Important: Do not downgrade a Contractual deviation to Structural just because tests pass. Tests passing with a contract mismatch means the tests aren't testing the contract — which is itself a gap.
Phase 5: Report to User/Concierge
Send a final summary:
- Total plan docs verified: N
- Complete: N
- Partial: N (list Contractual/Missing deviations)
- Not Implemented: N (list components)
- Follow-up beads created: N (list)
- All tests passing: yes/no
Beads Integration
Epic: "Plan completion signoff"
├── Task: "Signoff: {component-group-1} ({doc-list})"
├── Task: "Signoff: {component-group-2} ({doc-list})"
├── ...
└── (follow-up beads created for any gaps found)
Checking Status
A companion script reports signoff status across all plan docs:
python3 "$(dirname "$0")/signoff-status.py" docs/plans/
Output formats:
--format text(default): Human-readable summary with counts and per-doc status--format json: Machine-readable for CI integration--format markdown: Markdown table for embedding in reports
The script traverses the plans directory (recursing into subdirectories), finds all plan docs (excluding index, architecture, shaping, summary, and review files), and checks each for a ## Completion Signoff section.
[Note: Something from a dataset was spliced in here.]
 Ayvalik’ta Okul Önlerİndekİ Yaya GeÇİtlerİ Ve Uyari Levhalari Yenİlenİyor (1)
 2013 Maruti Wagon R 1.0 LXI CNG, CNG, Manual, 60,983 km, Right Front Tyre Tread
It reports:
- Total docs, complete count, partial count, not-started count
- Per-doc details: path, type (plan vs test-harness), status, date, verified-by
- Type breakdown: plan docs vs test harness docs
Exit code 0 on success; exit code 1 only on errors (e.g., invalid directory).
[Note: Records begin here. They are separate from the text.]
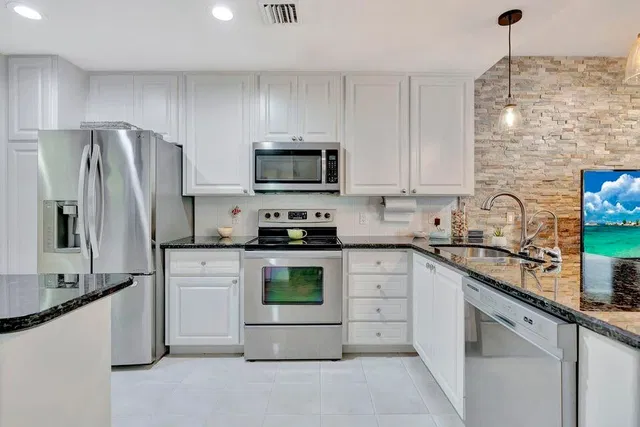 Island at Abacoa Residence photo 22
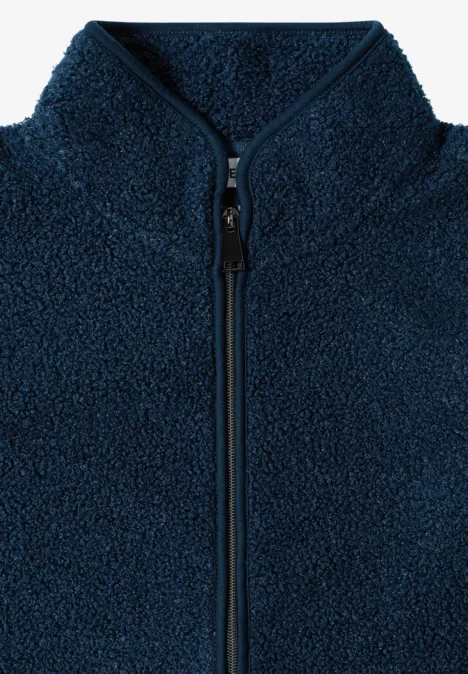 Dunkelblauer Fleecejacke mit Stehkragen und Reißverschluss vorne.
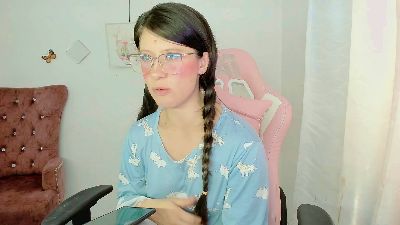 ZooeyBelair live cam on Cam4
Run this after the signoff process to verify everything is covered, or in CI to gate merges on plan completion.
What Requires Judgment
The deviation severity classification removes most ambiguity from status determination, but these calls still require judgment:
- Which docs to include — only implemented plans, not future/unstarted plans
- How to group docs into tasks — balance between parallelism and cognitive coherence
- Cosmetic vs Structural — is a file layout change purely cosmetic, or does it affect how developers find and maintain code? When in doubt, classify as Structural (it must be resolved, but the resolution may be as simple as updating the plan).
- Structural resolution direction — should the code change to match the plan, or should the plan be updated to match the code? The team (verifier + scheduler + reviewer) decides. If the implementation is genuinely better/simpler, update the plan. If the plan had it right, fix the code.
- Structural vs Contractual — does the architectural difference affect cross-component contracts? The key test: would a developer implementing a downstream component based on the plan be surprised or blocked by the actual implementation? If yes, it's Contractual.
- Whether a Contractual gap needs a follow-up bead — some contract mismatches may be intentional improvements. The orchestrator decides whether to create follow-up work, but the status stays Partial regardless.
- How to handle unavailable agents — reassign to whoever is online
- Whether to re-verify after gap fixes — if follow-up beads are created, should the signoff be re-run after they're closed?